Friday 25 May 2007

Locally-Maintained Reputation

In response to yesterday's blog post, Cisco DE Jim Fenton* wrote:
reputation can be locally-maintained. Local reputation is not as powerful as shared reputation services, but does provide benefit in the short term.
Yes, that's right. Local domain reputation is often expressed in terms of whitelists and blacklists. Without sender authentication, these are notoriously unreliable.

It nicely illustrates one of the benefits of authentication.

For example, users of anti-spam filters sometimes find their colleagues' email in the quarantine, so they add a wildcard whitelist entry for their domain. They soon discover that a significant chunk of spam will have their domain forged into the sender address. Without sender authentication, there's not a lot can be done about this.

However, with sender authentication, you can have a whitelisted domain entry that only allows the message a free pass if the authentication passes -- otherwise the normal spam filtering rules apply.

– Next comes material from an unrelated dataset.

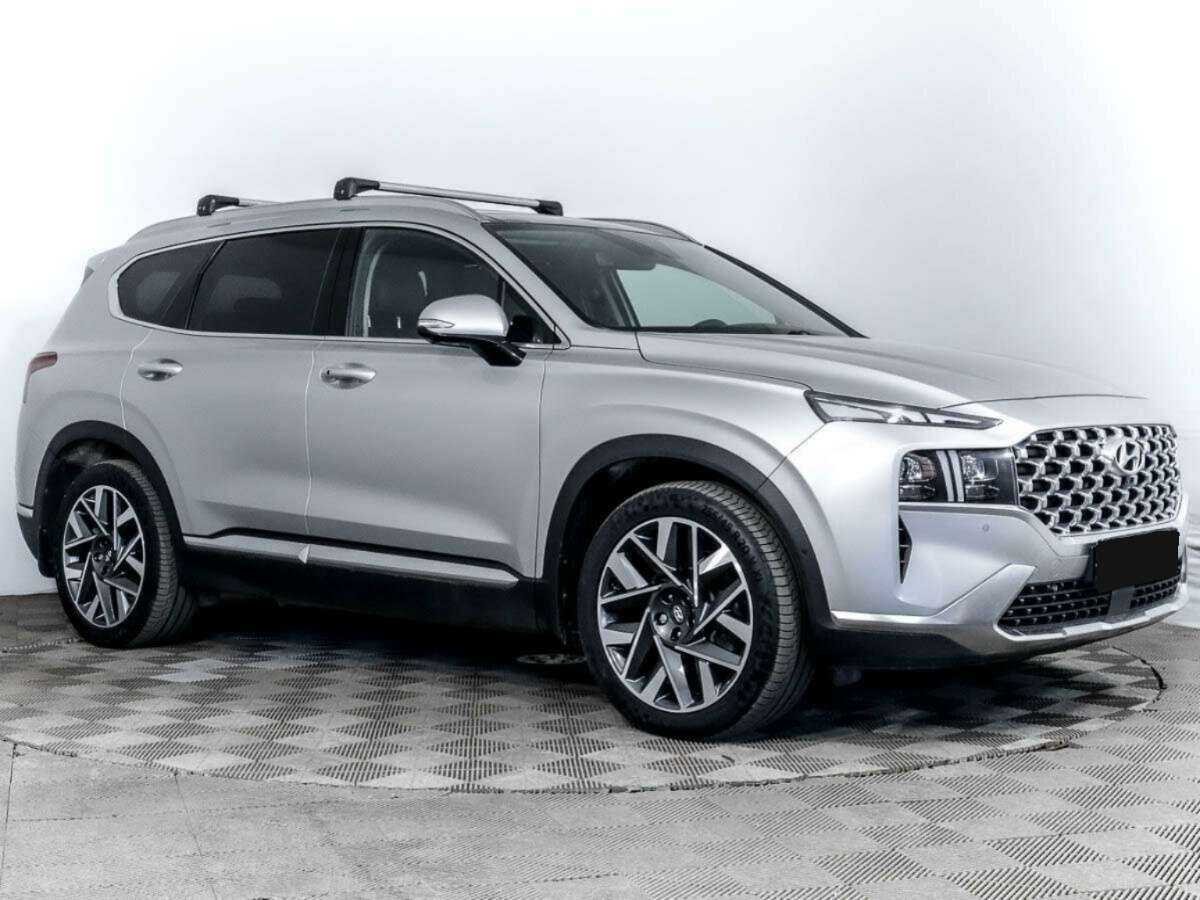 Купить Hyundai Santa Fe с пробегом. Фото: #2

You could even impose a local policy that says if a message "from" our domain fails authentication, we'll reject it as spam, but this is probably too risky, at least in the early stages of deployment.

* - well, they claimed to be "Jim Fenton" and I assume it's that Jim, but perhaps it was a dog

Thursday 24 May 2007

CNET's Error Explaining DKIM

Declan McCullagh, writing in CNET, makes the standard schoolboy error of assuming that email sender authentication technologies are "antispam techniques."

They're not.

DomainKeys Identified Mail (DKIM) and other sender authentication technologies are simply ways to detect forgeries. At best, they give a partial indication whether a message is spam or not, but their main use is to allow recipients to look up the reputation of the sending domain.

Detecting phishing attacks via sender authentication depends on legitimate senders, such as PayPal, publishing information in the DNS. An email that purports to come from can then be verified against that published information.

Of course, this doesn’t stop phishers from using similar domains, such as Many users won't notice the difference. A DKIM test will "pass" because the bad actors own the fraudulent domain.

In other words, DKIM alone is almost useless. That's why we also need domain-level reputation services.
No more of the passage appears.